Thought I'd share...



My friend has found this rusty old cleaver on the steel waste. I really liked the unique look of it with the hook instead of a hole to hang it on the wall. As christmas holidays were just around to happen, I knew I had to pick a project that I have all the material ready in my shop, because everybody was in vacation. So i choose to restore this cleaver.
The disassembling was done very quickly, so was the sandblasting.
The original handle was held in place with the peened tang. I didn't really like the shape of the handle and I also didn't wanted to peen the handle again. Si I decided to make a more ergonomic nice looking handle. That's why I shortened the tang around 45mm and drilled three 5mm holes in it. That went very well as the tang wasn't hardened. Next I wanted to make it mirror polished. I startet with the belt sander to grind away all the pitting from the rust. Then it was time for hand sanding.
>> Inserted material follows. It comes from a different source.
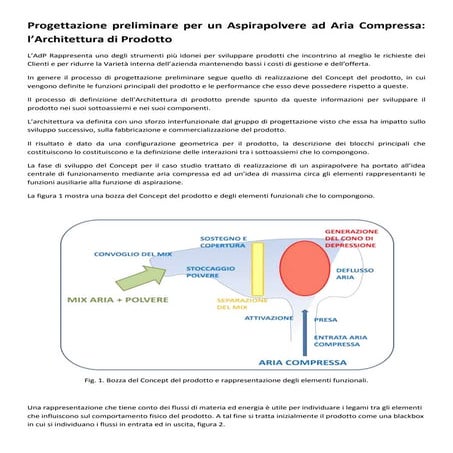 Architettura Di Prodotto Per Un Aspirapolvere Ad Aria Compressa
I started with 120 grit, after all the scratches were gone from the belt sander I moved on with 240. Then 400, 1000 and 1200 at the end. I then had a fine enough surface to be able to mirror polish it on the cotton buffing wheel. It took quite some time to do that, but the end result came out absolutely amazing.
Moving on to the handle. I decided to make a three part sandwich. I started by making a spacer out of smoked oak. Cut out the shape of the tang and then glue it on to a piece of pear tree wood. Then I was able to file the spacer to the same tapered thickness of the tang. After gluing the other side of the handle on and drilling the holes for the rivets through I could start to rough shape the handle with a rasp.
I decided to make three screwable brass rivets. I applied some Loctite on the threads and tighten them together. After that I filed the slotted heads away, flush to the handle. Then it was time to give the handle a final sanding with 120, 240, 400 and 1000 grit and apply linseed oil for the final touch. And after sharpening this job was done completely.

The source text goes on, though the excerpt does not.